Why are Columban priests and lay workers heading to Paris?

 

Why are Columban priests and lay workers heading to Paris?First, they continue action on Climate Change which has been part of Columban mission work for more than three decades. Experience in Peru led our missionaries to know that care for the poor means care for the land - the twin cry of the suffering land and people. Experience in the Philippines led Columbans to lament the loss of the God-given diversity of species as the rainforest and coral reefs were devastated. God's revelation was being dimmed and the poor were losing their livelihoods.

Second, in Paris, Columbans are offering encouragement to the people of diverse languages and cultures who are rising up because of their concern for Earth as our 'common home' as Pope Francis expressed it. People of diverse religions, or none, are united in listening to the decades of warning by scientists that humanity is using the Earth as an experiment. Ever increasing amounts of greenhouse gases poured into the atmosphere are changing the Earth's natural cycles on land and in the sea.   

In spite of the warnings by every Pope since the time of Paul VI about the environmental crisis facing humanity and choices governments must make, and in spite of the warning of many missionary churches, both First World local churches and people have been slow to change their ways. Church theology has been slow to take the natural world of evolving creation seriously. Governments have been slow to implement policies to produce renewable energy that supports sustainable lifestyles.

When the Pontifical Council for Justice and Peace called a Consultation on Climate Change at the Vatican in 2007, more than half of the invited guests were climate change deniers.
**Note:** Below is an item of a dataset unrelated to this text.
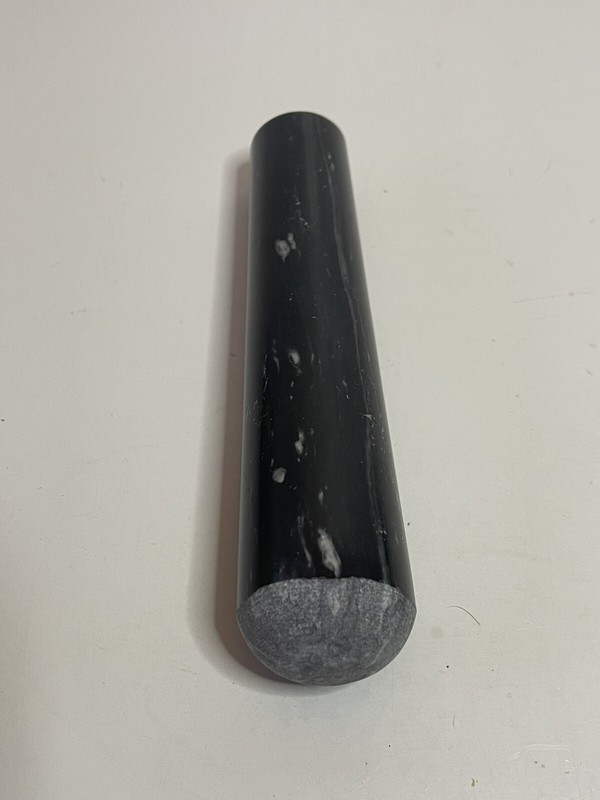 Creative Home Black Gray Marble Polished Mortar And Pestle gallery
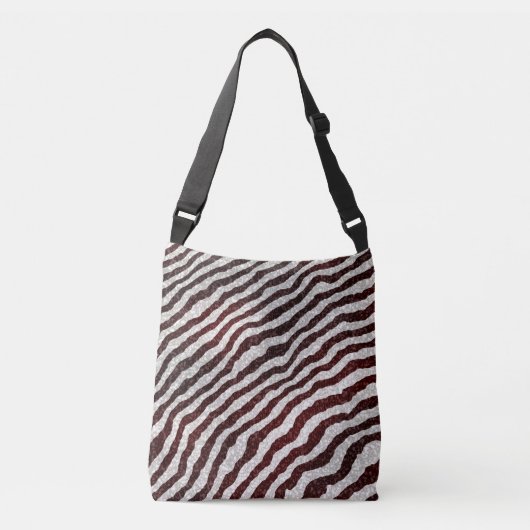 Bruine Zebra Crossbody Tas (Voorkant)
Eminent scientists and archbishops were ridiculed by a selected group of lobbyist from the fossil fuel industry and acolytes from some universities. Thank God for new direction under the leadership of Pope Francis given in his encyclical Laudato Si'.

Often in the English world and churches, climate change denial is a real problem. Vested interests play on the scientific ignorance of many voters. They finance campaigns of fear to undermine carbon trading methods as they did in Australia. In John 8:44 Jesus called the devil the 'father of lies'.
 
Care for the Earth is a spiritual pathway. Pope Francis reminded us of words of previous Popes saying we are to undergo an 'ecological conversion' and expand our baptismal calling to include an 'ecological vocation'. It is no mere pious action that Pope Francis finished his encyclical Laudato Si’ with a prayer for the Earth.

Advent is a liturgical time when all believers are called to remember the actions of God in preparing for the coming of Jesus the Christ - cosmic revelations and diverse religious expressions. Lent is a time to turn back to God with all our hearts. Maybe the time has come to develop the month of September as a Season of Creation? Pope Francis has named 1 September as a special day and given us at least three major graces to remember and celebrate - all creation as revelation; the integrity in itself of every bit of creation; the call to communion between every creature, God and ourselves.

Why are Columbans in Paris?  To celebrate that - inspired by the mission churches where they worked - in 1988 the Columban Society put 'Care for the Earth' into its Constitutions; to join in solidarity with all peoples as they ask their government leaders to face the climate change crisis with immediate worldwide agreements implemented with strong local national laws.

The Columban representatives in Paris will be Australian Fr Charles Rue and, from Britain’s Columban JPIC team, Ellen Teague and Julia Corcoran.